» Problem description
The response should reproduce exactly the lines from the top of the listing below through the one that contains "from 02/23/26, 01:30", and nothing else; pictures do not belong in it.

» Data provided
□ □ □

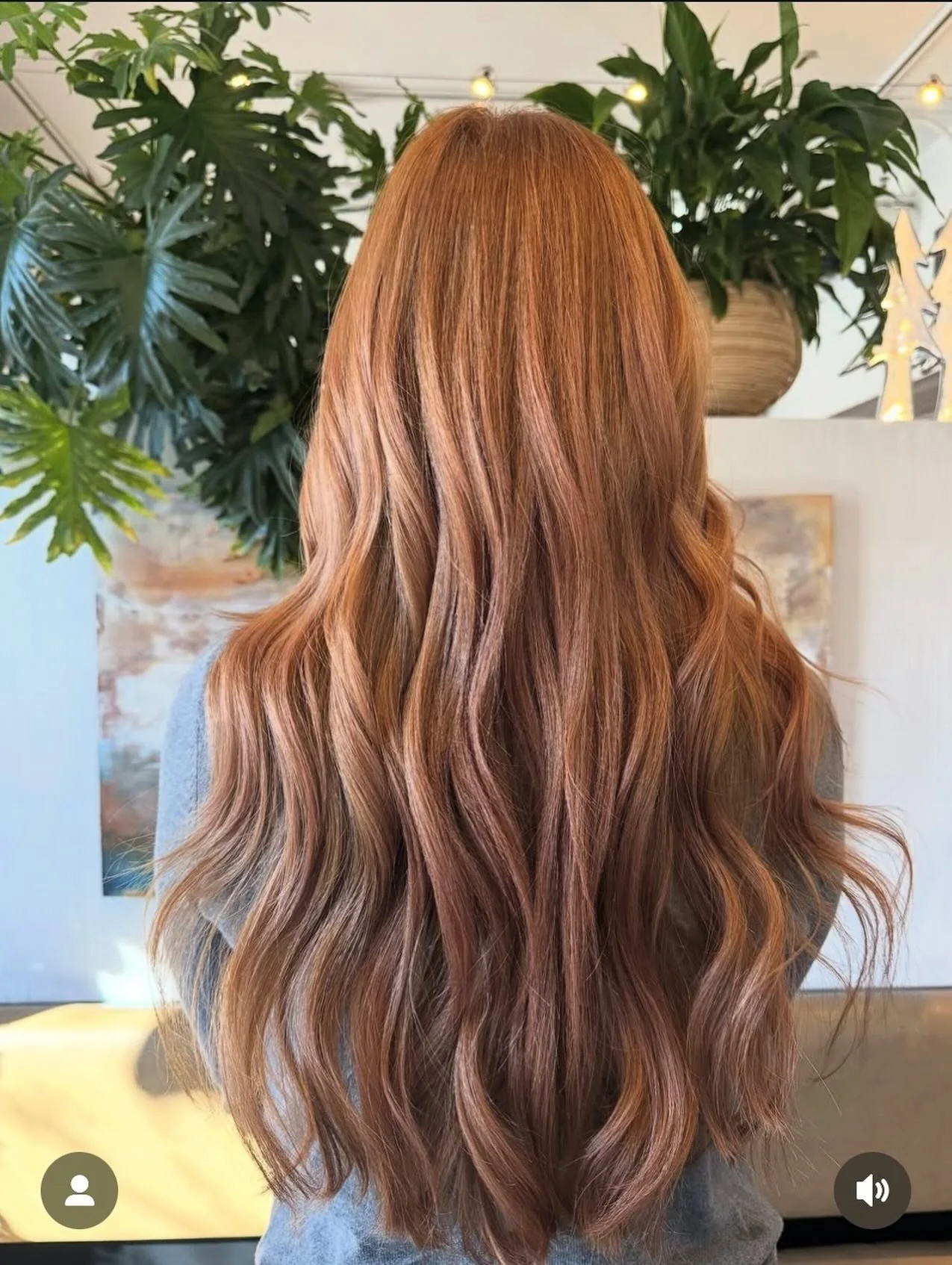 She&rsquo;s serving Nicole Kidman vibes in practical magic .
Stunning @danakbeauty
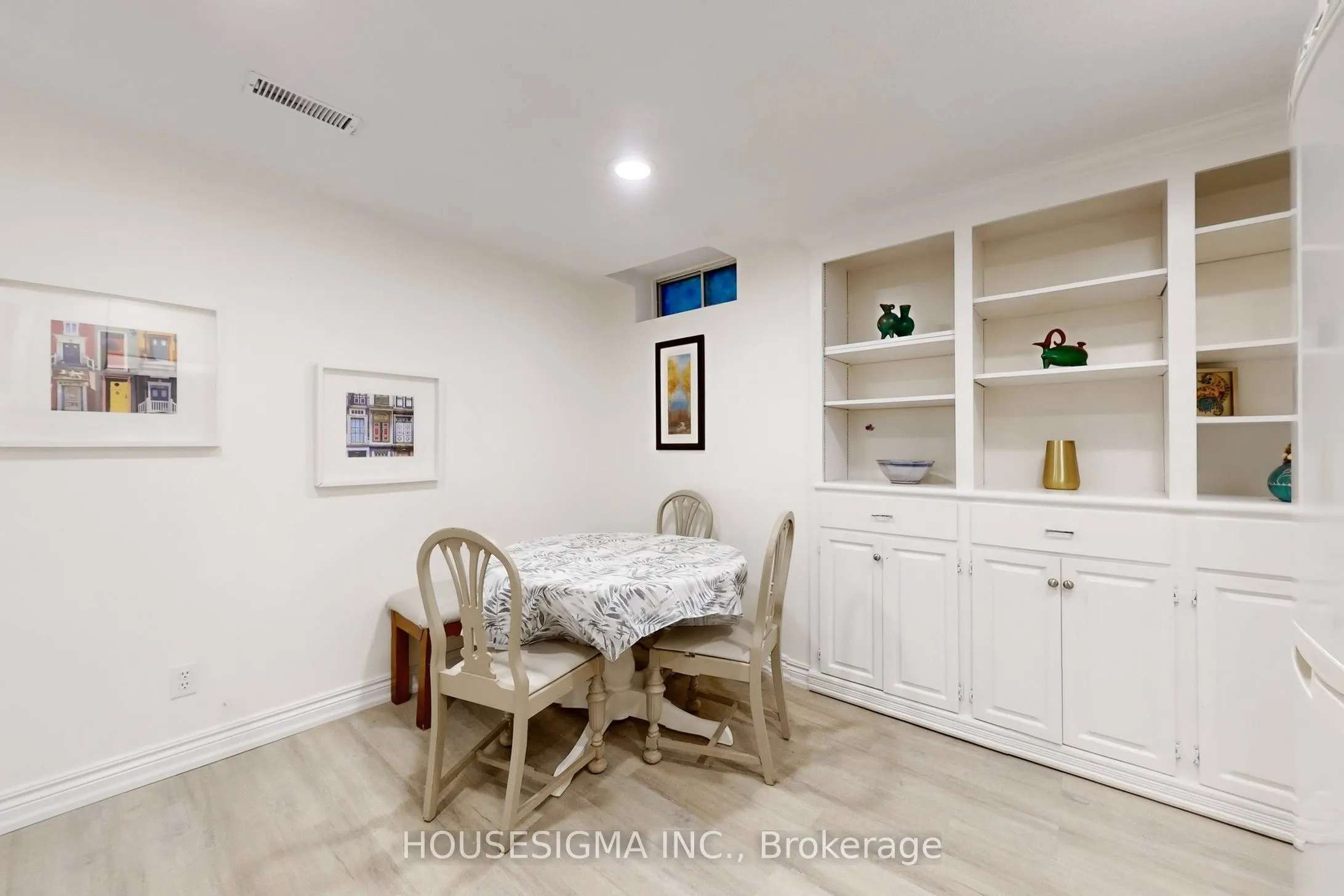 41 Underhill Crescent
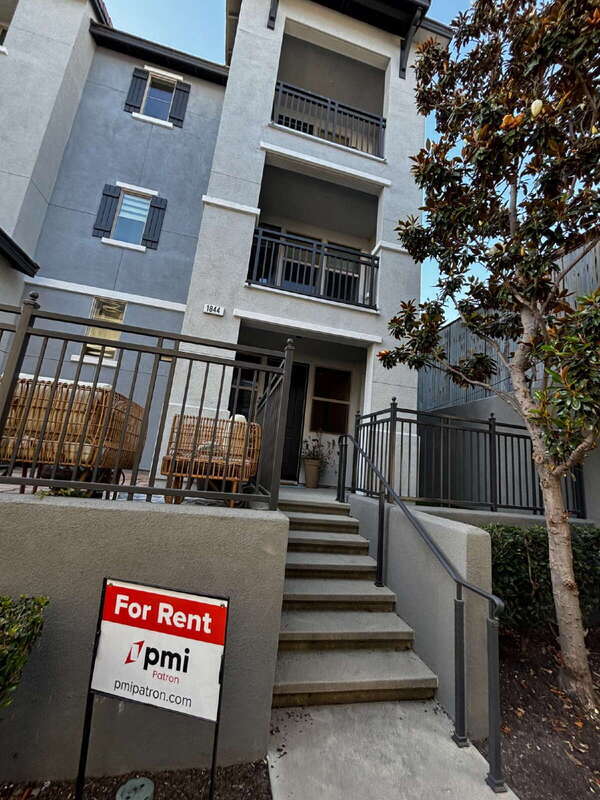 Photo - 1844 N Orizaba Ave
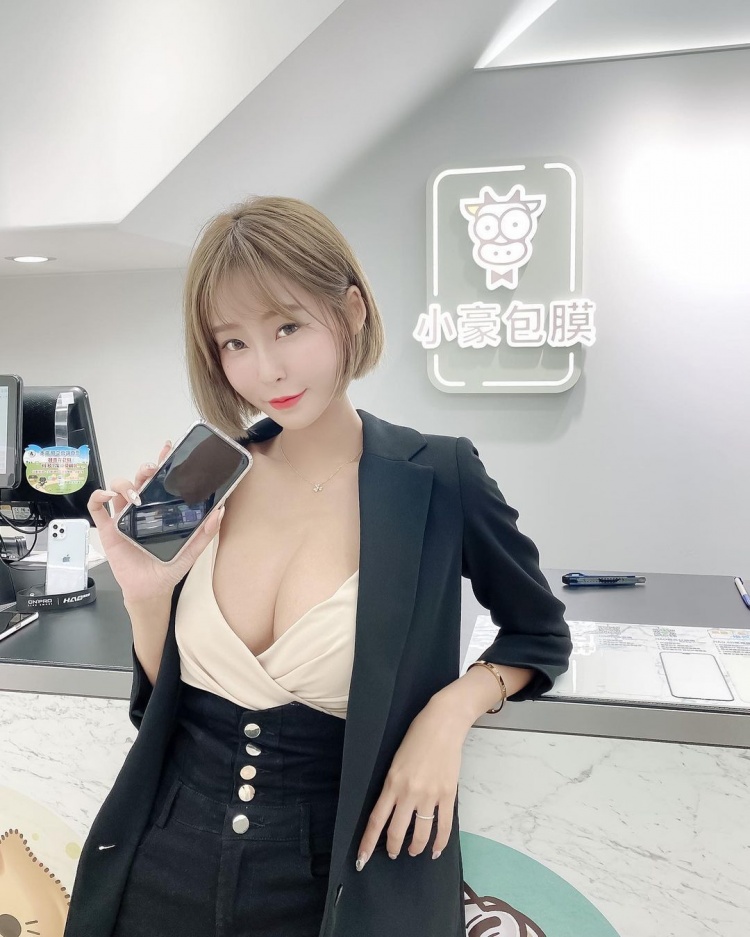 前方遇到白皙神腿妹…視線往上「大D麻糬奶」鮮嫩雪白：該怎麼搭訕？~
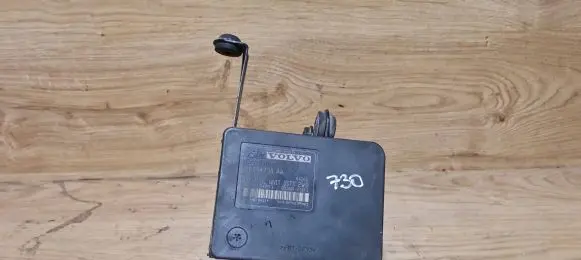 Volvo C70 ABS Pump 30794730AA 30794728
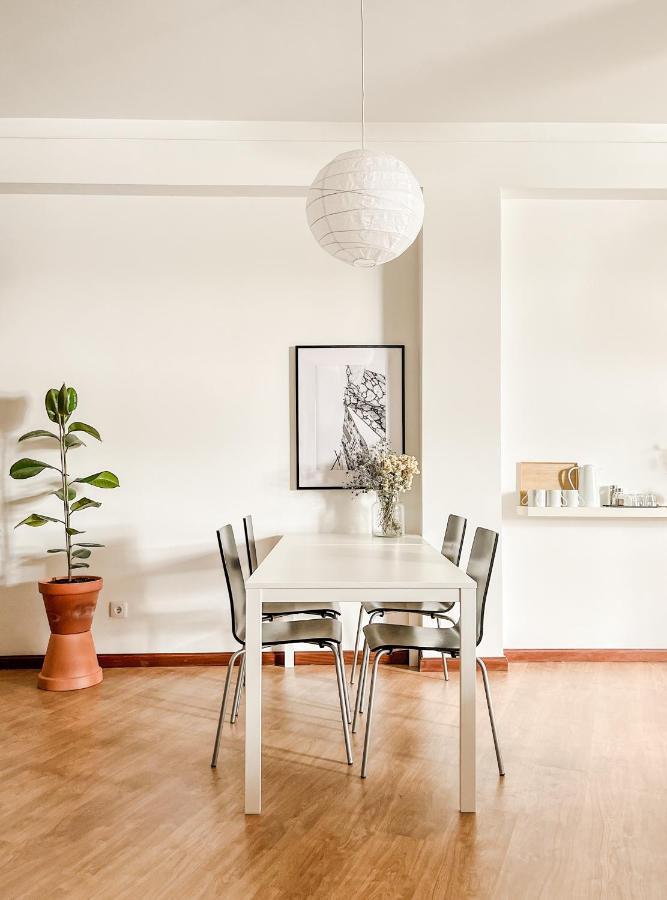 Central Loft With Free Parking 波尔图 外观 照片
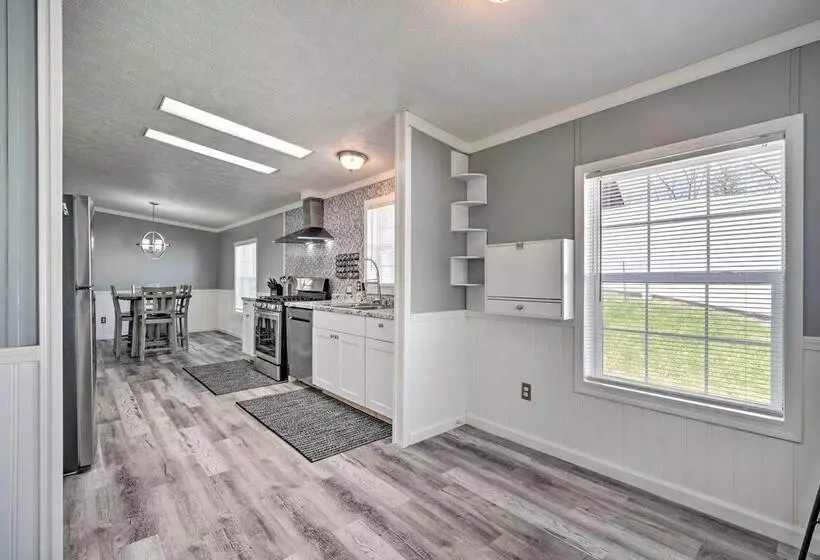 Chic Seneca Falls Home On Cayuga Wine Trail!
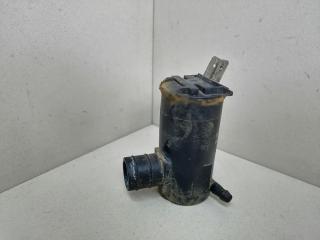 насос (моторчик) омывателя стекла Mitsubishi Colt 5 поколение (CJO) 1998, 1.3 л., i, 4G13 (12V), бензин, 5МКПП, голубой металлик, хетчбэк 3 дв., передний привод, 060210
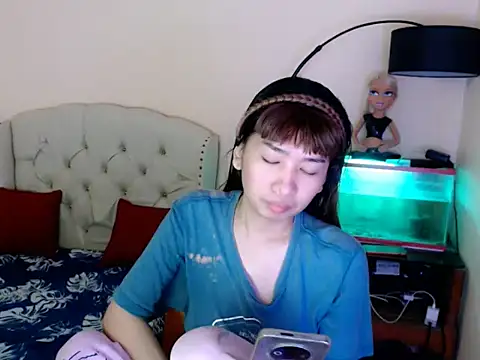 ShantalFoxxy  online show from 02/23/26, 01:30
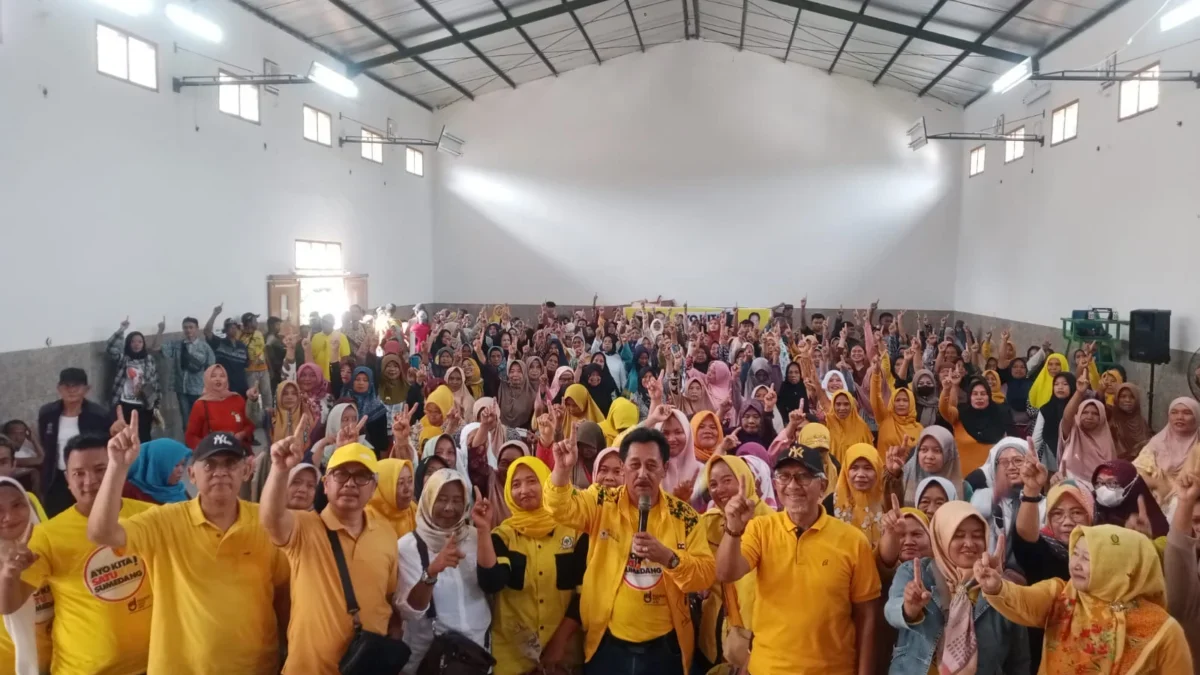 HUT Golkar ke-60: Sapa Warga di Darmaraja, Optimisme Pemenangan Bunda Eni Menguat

□ □ □

» Solution to the exercise
 She&rsquo;s serving Nicole Kidman vibes in practical magic .
Stunning @danakbeauty
 41 Underhill Crescent
 Photo - 1844 N Orizaba Ave
 前方遇到白皙神腿妹…視線往上「大D麻糬奶」鮮嫩雪白：該怎麼搭訕？~
 Volvo C70 ABS Pump 30794730AA 30794728
 Central Loft With Free Parking 波尔图 外观 照片
 Chic Seneca Falls Home On Cayuga Wine Trail!
 насос (моторчик) омывателя стекла Mitsubishi Colt 5 поколение (CJO) 1998, 1.3 л., i, 4G13 (12V), бензин, 5МКПП, голубой металлик, хетчбэк 3 дв., передний привод, 060210
 ShantalFoxxy  online show from 02/23/26, 01:30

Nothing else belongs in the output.